OBLIGATIONS RELATED TO THE DOCUMENTATION OF A LIQUIDATION COMPANY
The provisions of applicable law impose certain obligations related to the documentation of the liquidated company, including the appointment of a custodian of the company documentation. Thus, the books and documents of a dissolved company should be handed over for safekeeping to a person indicated in the company agreement or in a resolution of the partners. The resolution may specify the custodian only if the agreement does not indicate one. In the absence of such an indication, the custodian is appointed by the registry court.
It is important that if the company employed employees during its business activity, it is obliged to transfer the employees’ personal and payroll documents for safekeeping to one of the entities authorized to do so. The principles for keeping employee documentation in the event of the employer’s liquidation are specified in the regulations.
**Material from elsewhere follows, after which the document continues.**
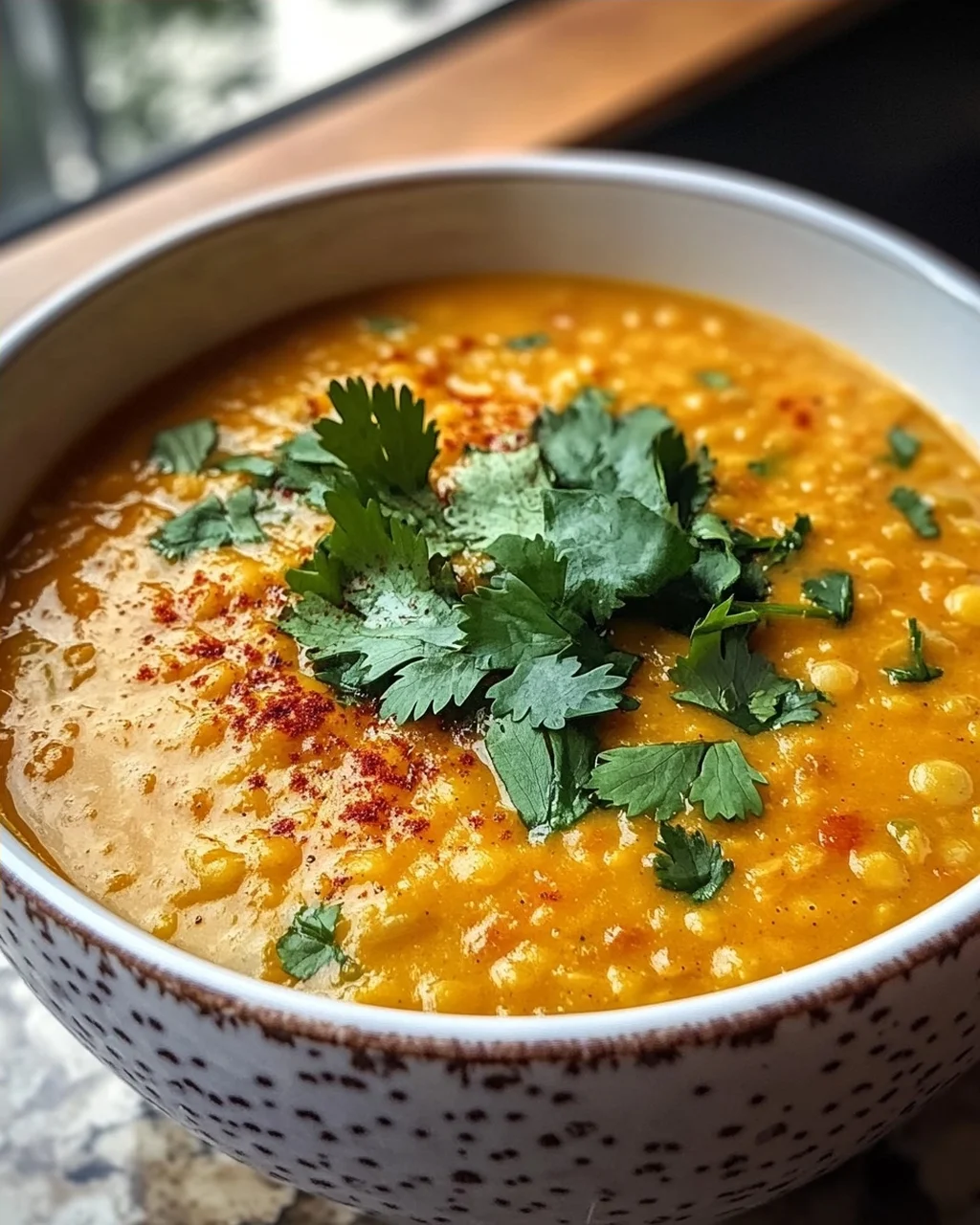 Cremige Thai Kokos Rote Linsensuppe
The entity conducting business in the field of document storage is authorized to store employee documentation after the liquidation of the employer, to which it will be transferred for further storage, providing financial resources for this purpose for the time remaining until the end of the period of storage of documentation established on the basis of separate regulations.
Business activity in the field of storing personal and payroll documentation of employers with a temporary storage period is a regulated activity that may be performed only by entities entered in the register of custodians of personal and payroll files. These entities store the documentation for a fee for the required period based on the agreement concluded with the company. The agreement regarding the storage of payroll and personal documentation of the liquidated company should be concluded before the company is removed from the register, and funds for this purpose should be secured before the end of the liquidation proceedings.
REPORTING TO THE COURT THE DISSOLUTION OF A COMPANY
The termination of the activity of a limited liability company takes place by reporting to the register of entrepreneurs the completion of the liquidation by submitting to this register an application for deletion of the company from the National Court Register. This is done by completing anapplication by an electronic proceeding. The dissolution of a limited liability company takes place at the moment of deletion of the company from the National Court Register.
The application for deletion is also subject to a fee in the total amount of PLN 400.00.
DURATION OF THE COMPANY LIQUIDATION PROCESS
There is no specified duration of the liquidation process of a limited liability company. The liquidation procedure of a limited liability company lasts until all activities constituting the liquidation procedure have been completed.
In most cases, the process of liquidating a limited liability company lasts approx. 7-8 months
(min. 6 months from the date of publication of the announcement in Court and Commercial Monitor) and ultimately the course of the liquidation of a limited liability company and its duration depends on the current status of the company and any liabilities.